#### Required work
Only the text belongs in the copy. Transcribe the data exactly and drop any pictures.

#### Data
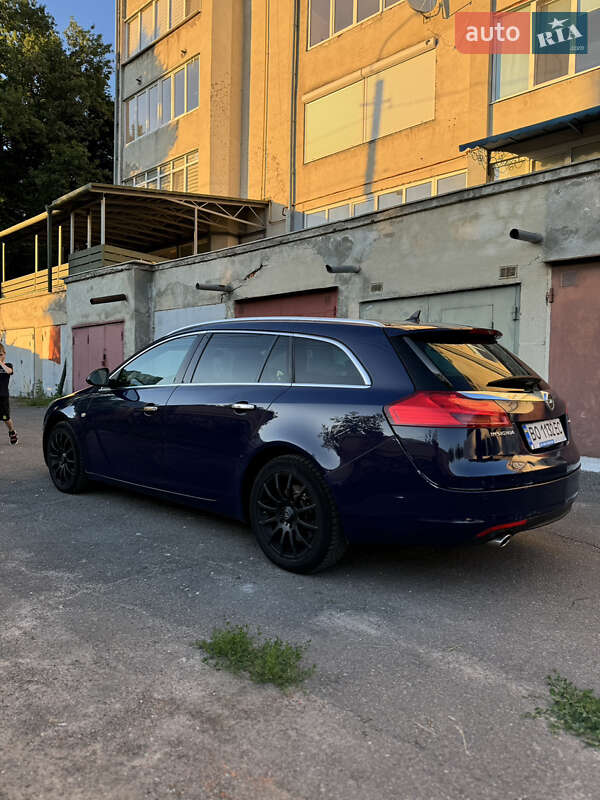 Универсал Opel Insignia 2010 в Тернополе фото 5 Универсал Opel Insignia 2010 в Тернополе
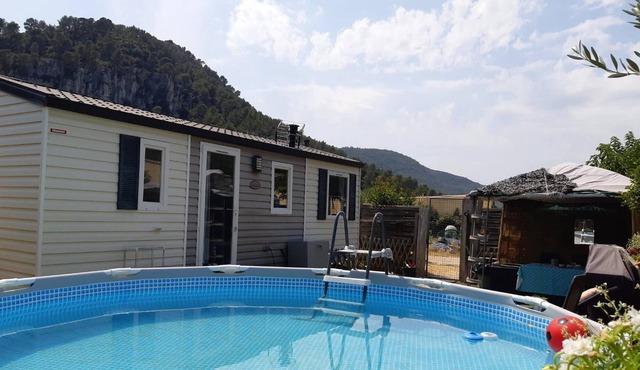 Homerez - Nice bungalow 15 km away from the beach for 6 ppl. with swimming-pool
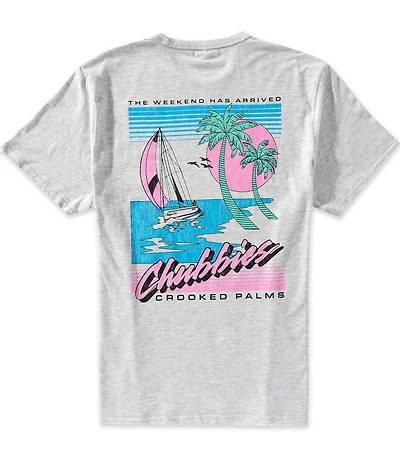 Chubbies Cracked Palms Short Sleeve T-Shirt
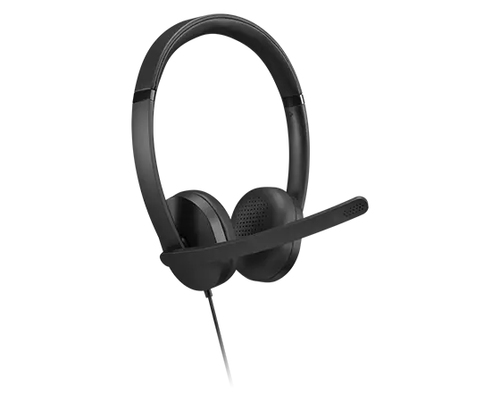 Lenovo (4XD1P83425), Wired, 20 - 20000 Hz, Headset/Headphone, Black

#### Task answer
 Универсал Opel Insignia 2010 в Тернополе фото 5 Универсал Opel Insignia 2010 в Тернополе
 Homerez - Nice bungalow 15 km away from the beach for 6 ppl. with swimming-pool
 Chubbies Cracked Palms Short Sleeve T-Shirt
 Lenovo (4XD1P83425), Wired, 20 - 20000 Hz, Headset/Headphone, Black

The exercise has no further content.